(Exercise aim): Your output should be the lines from the one containing "Snapshot of poshman65" through the end of the listing, exact and inclusive, with no pictures.
[[ Data for this exercise open ]]
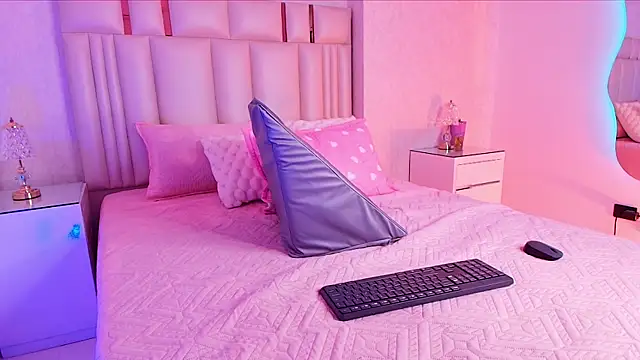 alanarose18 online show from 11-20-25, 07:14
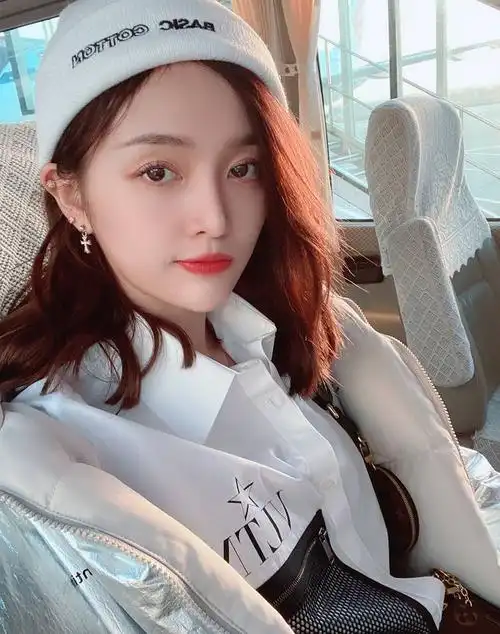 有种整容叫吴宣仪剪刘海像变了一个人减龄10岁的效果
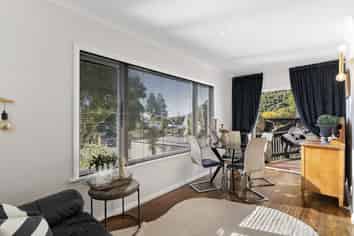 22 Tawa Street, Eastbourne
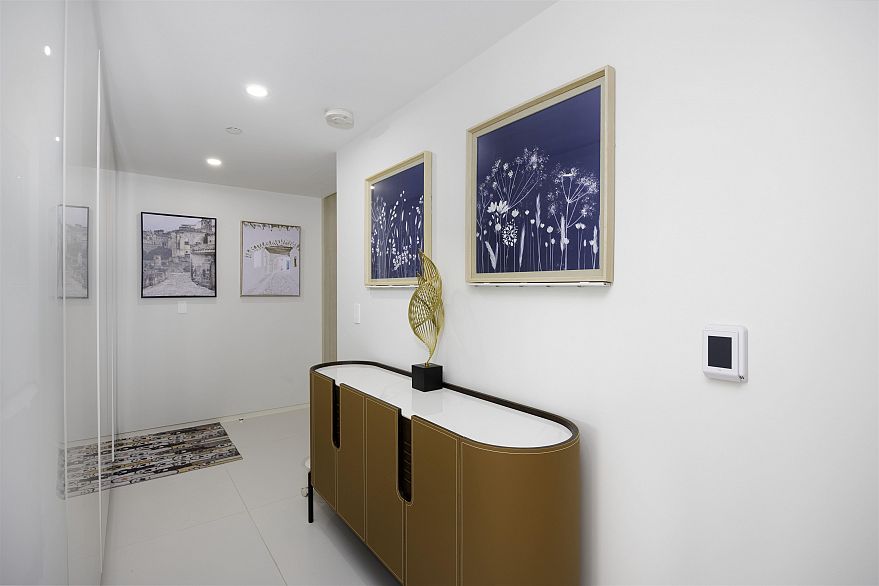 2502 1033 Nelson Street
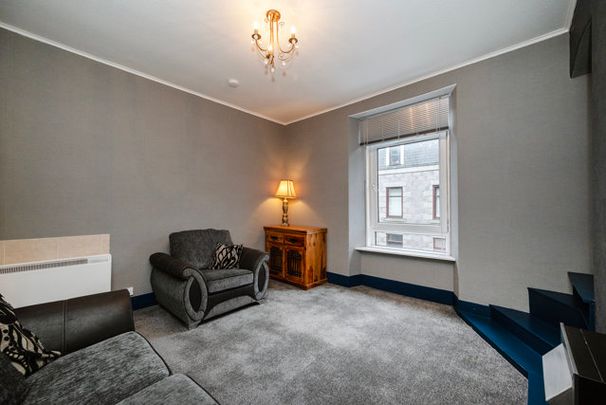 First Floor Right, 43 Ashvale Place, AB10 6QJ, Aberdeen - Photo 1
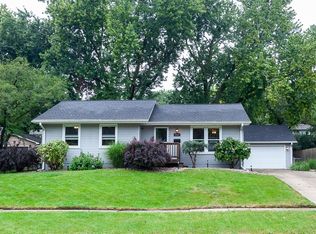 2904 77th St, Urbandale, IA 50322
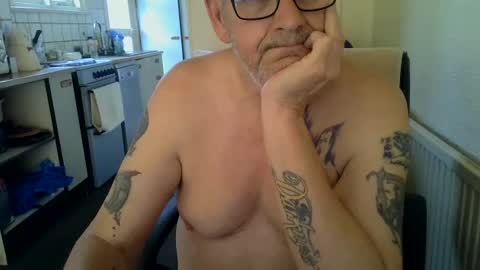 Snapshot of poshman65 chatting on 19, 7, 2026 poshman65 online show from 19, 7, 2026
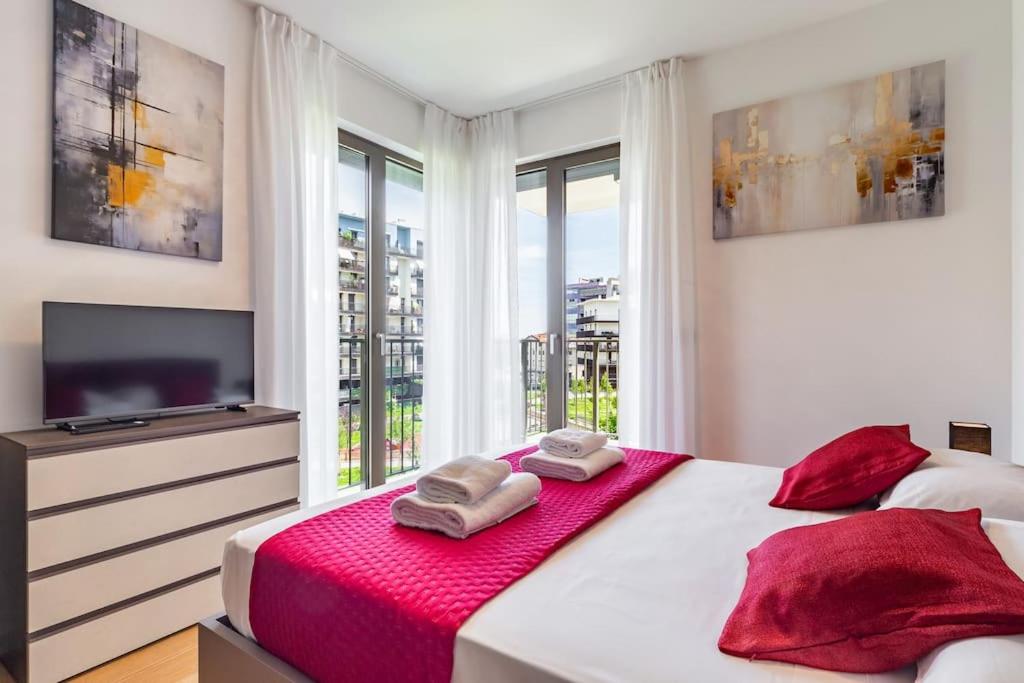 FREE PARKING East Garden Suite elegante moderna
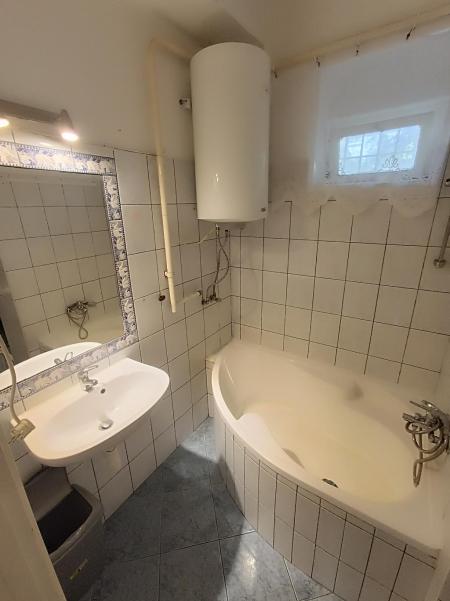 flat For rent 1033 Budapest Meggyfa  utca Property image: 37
[[ Data for this exercise closed ]]
(Response box):
 Snapshot of poshman65 chatting on 19, 7, 2026 poshman65 online show from 19, 7, 2026
 FREE PARKING East Garden Suite elegante moderna
 flat For rent 1033 Budapest Meggyfa  utca Property image: 37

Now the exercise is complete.